3. Powderfinger, Vulture Street
Okay, so Powderfinger aren't quite as well known as their rivals in the top three... but this is one hell of an album. It is a real pity that Bernard Fanning, their lead singer, has decided to become a country singer... it's a waste. "Vulture Street", named after the street and train station in South Brisbane (they renamed the station to South Brisbane later :( ) is again, a great album.
After warming up with Rockin' Rocks (perhaps a veiled reference to Rockhampton, Queensland - though how anyone could rock there is beyond me...) they launch into their best five. (Baby I've Got You) On My Mind is an excellent early rock style song - very upbeat and charming. "Since You've Been Gone" and "Love Your Way" are great ballads as well, but it's perhaps the next two that are the best. "Sunsets" is without a doubt their best and most popular song - and it shows. A well-orchestrated rock feel, and lyrics that evoke Queensland at it's best. (Okay, so I'm a little parochial, but this is a great album).
"Don't Panic" is as frantic as many of the others before it are laid back, and "Stumblin'" is another great track. It sounds weird for me to say it, but I'd compare it to David Bowie at his best - and this band are nothing like David Bowie. But damn, it works. The last four songs round out a truly wonderful album. I just wonder why I took so long to buy it.
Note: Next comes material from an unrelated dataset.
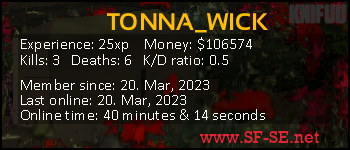 Player statistics userbar for TONNA_WICK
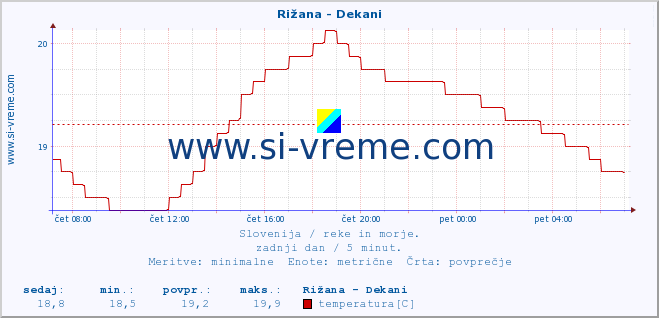 POVPREČJE :: Rižana - Dekani :: temperatura | pretok | višina :: zadnji dan / 5 minut.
2. U2, All That You Can't Leave Behind
If you haven't heard of U2, you haven't been on Earth for a long time. Breaking out as a band during Live Aid (a performance by Bono that simultaneously made them cool, and nearly broke the band up), they would release pop-rock hits in the 80s, experimentation with dance and electronica with varying success in the 90's, and then in this decade release two monster albums: "How To Dismantle An Atomic Bomb" - with the excellent "Vertigo" track; and my personal favorite... "All That You Can't Leave Behind".
It just starts off this third era of U2 with such a bang. The first song is probably their most finely crafted song ever, "Beautiful Day". From there, you get "Stuck in A Moment You Can't Get Out Of", and probably don't want to. If that's not enough early stunners in the album for you, you still have "Elevation" and "Walk On" as the next two. The rest of the album is not quite as strong as these four, but there are no stinkers in the lot - and all are finely accomplished songs.
1. Pink Floyd, Dark Side of The Moon.
Pink Floyd, by any standards, were hit and miss. During the early years, it was just too plain weird to listen to. "A Collection of Small Furry Animals... (title shortened)" and "A Momentary Lapse of Reason" just weren't brilliant. Probably because the band was off their face when they made them. However, one album stands above all others (even the also sublime "The Wall" and "Wish You Were Here").... Dark Side of the Moon.
The ultimate in album masterpieces. Great individual songs in a completely immersive album. Oh, and if that isn't enough, go watch the Pulse concert, which does the entire album in sequence - the only way it can be done. From the segues that are so dramatic you forget you aren't actually listening to a song, to modern classics like "Time" and "Money", things no one ever seems to have enough of, this is an album no home is complete without.